Em 2019, Túlio contratou um gerente esportivo, colocou sua filha na direção e usou de dados e inteligência para contratar jogadores e buscar na Costa Rica o técnico Alexandre Guimarães. O América, depois de 11 anos, conquistou um título, a 14ª estrela. Mas, com a crise provocada pela pandemia, teve de rever custos. Guimarães foi trocado pelo argentino Juan Cruz Real, 43 anos e trajetória discreta. Jogadores importantes saíram, como o centroavante Michael Rangel, destaque no título e que voltou ao Júnior. Duvan Vergara tem ofertas e pode sair. É esse olhar firme no caixa que faz a relação entre a torcida e o dono ser sempre de tensão. "O futebol é um lugar complexo. Todos ganham dinheiro, os jogadores, os empresários, os técnicos, menos o dono", disse Túlio em entrevista ao El País da Colômbia.
Católica privada
Desde 2009, a Universidad Católica atende no mercado como Cruzados SADP (Sociedade Anônima Desportiva Profissional). O que significa isso? Para a torcida, segue sendo a Católica, um dos três gigantes do futebol chileno. Para os gestores, no entanto, trata-se de uma empresa, com ações na bolsa e regras rígidas a serem seguidas, conforme estabelece a Lei 20.019, de maio de 2005.

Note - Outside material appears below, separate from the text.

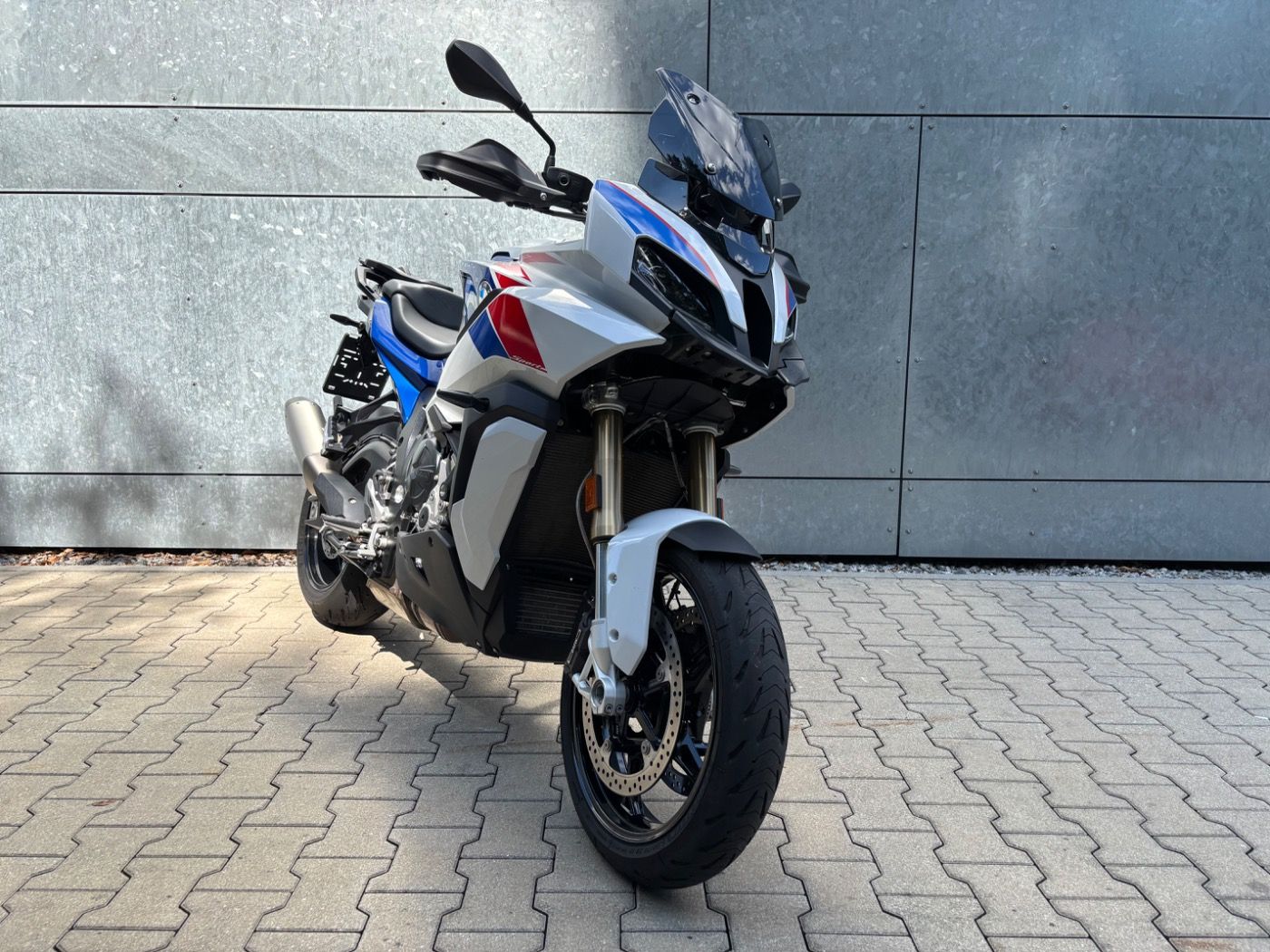 Fahrzeugabbildung BMW S 1000 XR Style Sport Touring u. Dynamikpaket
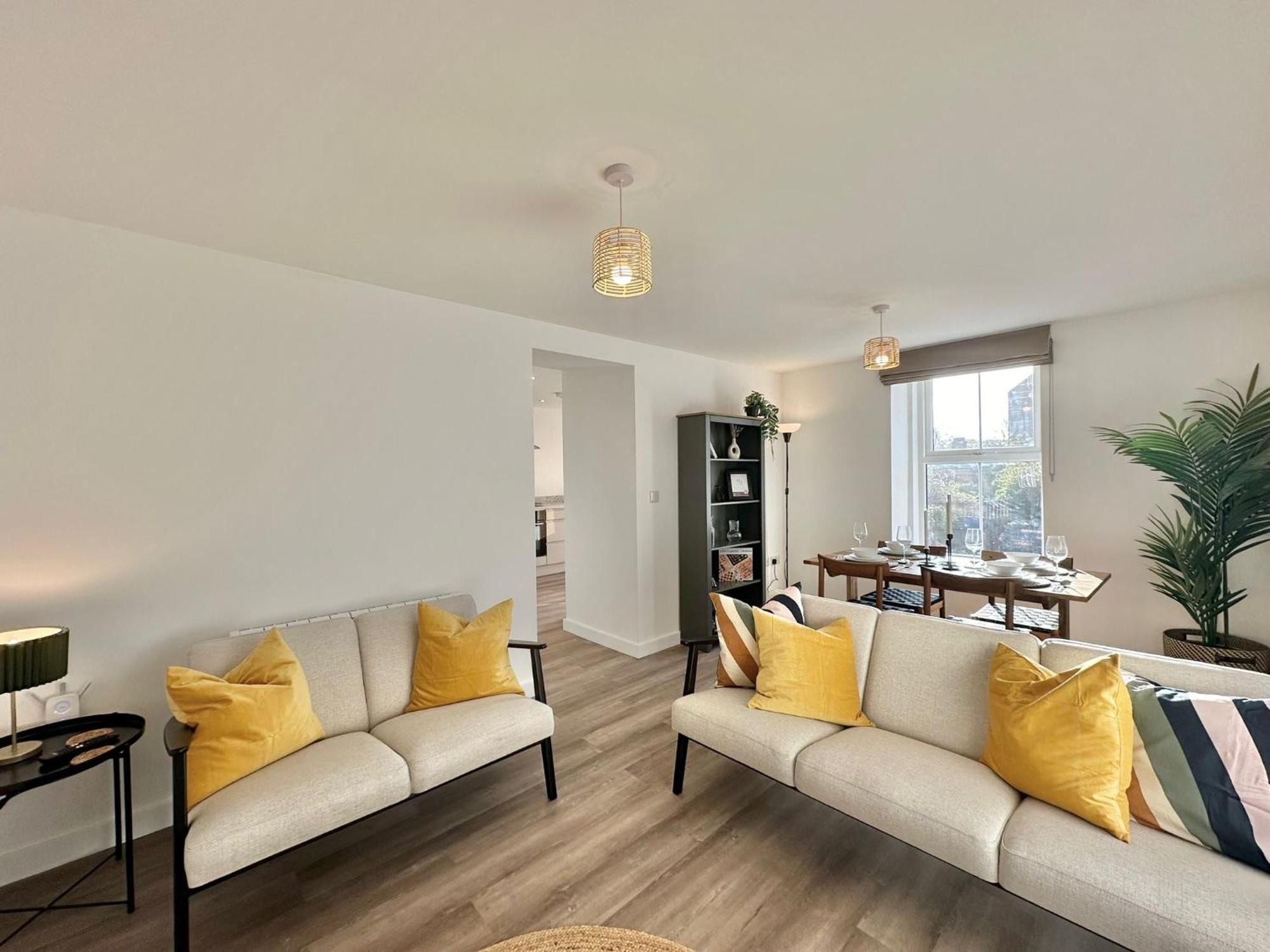 Modern In Prime Location Apartment Hereford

Aqui, vale um recuo no tempo. O futebol chileno decidiu enveredar para a administração empresarial na metade da década passada, quando o Colo-Colo decretou falência. O presidente do Colo-Colo na época, Peter Dragicevic, acusa o hoje presidente do país, Sebastián Piñera, de estar por trás disso. Como senador, Piñera articulou a revisão da lei que aumentou o valor dos impostos de clubes de futebol, o embrião para o surgimento das SADPs, que repassava das entidades associativas para empresários o comando dos clubes.
Em 2005, um ano depois de perder a eleição para Michele Bachelet, Piñera se tornou o maior acionista da Blanco y Negro, a S/A do Colo-Colo. Mesmo depois de se tornar presidente, em 2010, ele seguiu como principal acionista do clube, o que acabou provocando conflito de interesses quando ele tentou interferir as eleições da ANFP, a federação chilena. Hoje, na elite, apenas o Curicó Unido é um clube associativo, embora tenha, para se enquadrar à lei, criado uma empresa para diferenciar o futebol da porção social.
Mesmo com a adoção de modelos empresariais, o futebol chileno não conseguiu grandes êxitos em nível continental. A Universidad de Chile, administrada pela Azul Azul, ganhou uma Copa Sul-Americana, em 2011, e o Colo-Colo foi vice em, 2006. Porém, como frisa o repórter Rodrigo Fuentealba, do jornal La Cuarta, hoje os administradores respondem com seus bens em caso de quebra dos clubes. Ao contrário do que se passava antes. Neste momento, a Católica é a "empresa" mais robusta no futebol chileno. É quem contrata os melhores jogadores e tem situação financeira mais estável. Porém, ainda busca voos além dos Andes.